By Maria Petrakis, Marcus Bensasson and Natalie Weeks - Feb 7, 2012 6:31 PM GMT+0700
Greek Prime Minister Lucas Papademos plans to convene the nation’s political leaders to seek consensus on the cuts required for a bailout as unions called a strike to protest and European leaders pressed for answers.
While Papademos and the party chiefs have agreed to make further cuts this year equal to 1.5 percent of gross domestic product, they have yet to close gaps over measures demanded by creditors for a 130 billion-euro ($171 billion) rescue. German Chancellor Angela Merkel said “time is running out,” while unions derided the conditions as “blackmail.”
“It is clear we are going into another drama for Greece with many questions unanswered,” Patrick Legland, head of research at Societe Generale SA, told Bloomberg Television today. “It’s kind of a catch-22 where they have to reduce their deficit but there is no growth. It’s very tricky.”
At stake is whether Greece wins the bailout, secures a debt writeoff with private creditors and remains in the euro region. Finance Minister Evangelos Venizelos told reporters late yesterday that “failure of these talks, failure of the plan, the country’s bankruptcy, means even greater sacrifice.”
The euro fell 0.1 percent to $1.3123 as of 1:05 p.m. in Athens as investors await the outcome of the Greek talks. The Stoxx Europe 600 Index slipped 0.5 percent and the Euro Stoxx 50 also dropped 0.5 percent.
Bill Auction
The country raised 812.5 million euros in a sale of 26-week Treasury bills today, a sale held a week earlier than usually scheduled to allow for the rollover of 26-week bills due on the Feb. 10. The yield fell to 4.86 percent from 4.9 percent in the last sale of such bills on Jan. 10
Short-term debt sales are the only source of market financing available for the nation. Bonds repayable in 2022 are worth about a third of their face value.
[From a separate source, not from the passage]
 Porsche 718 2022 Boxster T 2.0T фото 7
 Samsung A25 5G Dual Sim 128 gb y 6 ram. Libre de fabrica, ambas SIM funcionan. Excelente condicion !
Greek political leaders have yet to resolve issues from recapitalizing banks, ensuring the viability of pension funds and reducing wages and non-wage costs to boost competitiveness. Greece still needs to agree on 600 million euros of fiscal measures for 2012, a government official told reporters in Athens yesterday. Meantime, unions called their first general strike of the year.
Papademos met overnight with representatives from the European Commission, the European Central Bank and the International Monetary Fund to continue talks on possible spending cuts.
‘Great Sacrifices’
“The salvation of the country, remaining in the euro, means great sacrifices,” Venizelos told reporters in Athens late yesterday after his meeting with the so-called troika of representatives. He described the talks in Athens as a “Hydra’s head,” a reference to the monster in Greek mythology that grew back more heads than the one cut off.
Venizelos met again today with the officials ahead of the meeting of political leaders. Papademos hasn’t yet set a time for the meeting with leaders.
With the country set to pay a 14.5 billion-euro bond due on March 20, Merkel said in Paris that “I can’t quite understand why we need a few more days.” French President Nicolas Sarkozy said there could be no funds without reforms. Allowing Greece to go bankrupt “isn’t an option,” he said.
Greece’s efforts to win a second bailout from the troika have hung in the balance over the past four days as negotiations in Athens failed to clinch an agreement on measures demanded by lenders, which could include a cut in the minimum wage, lower pensions and immediate layoffs for state employees.
Bailout Package
Citigroup Inc. raised the probability that Greece will be forced to leave the euro area in the next 18 months to 50 percent from 25 percent to 30 percent previously.
“To remain in the euro area, the Greek government needs to exhibit a minimum degree of compliance with the fiscal and structural conditions of the bail-out program,” the firm’s chief economist, Willem Buiter, said in an e-mailed note. “The hurdles for Greece set by euro area negotiators to receive the second bail-out are high.”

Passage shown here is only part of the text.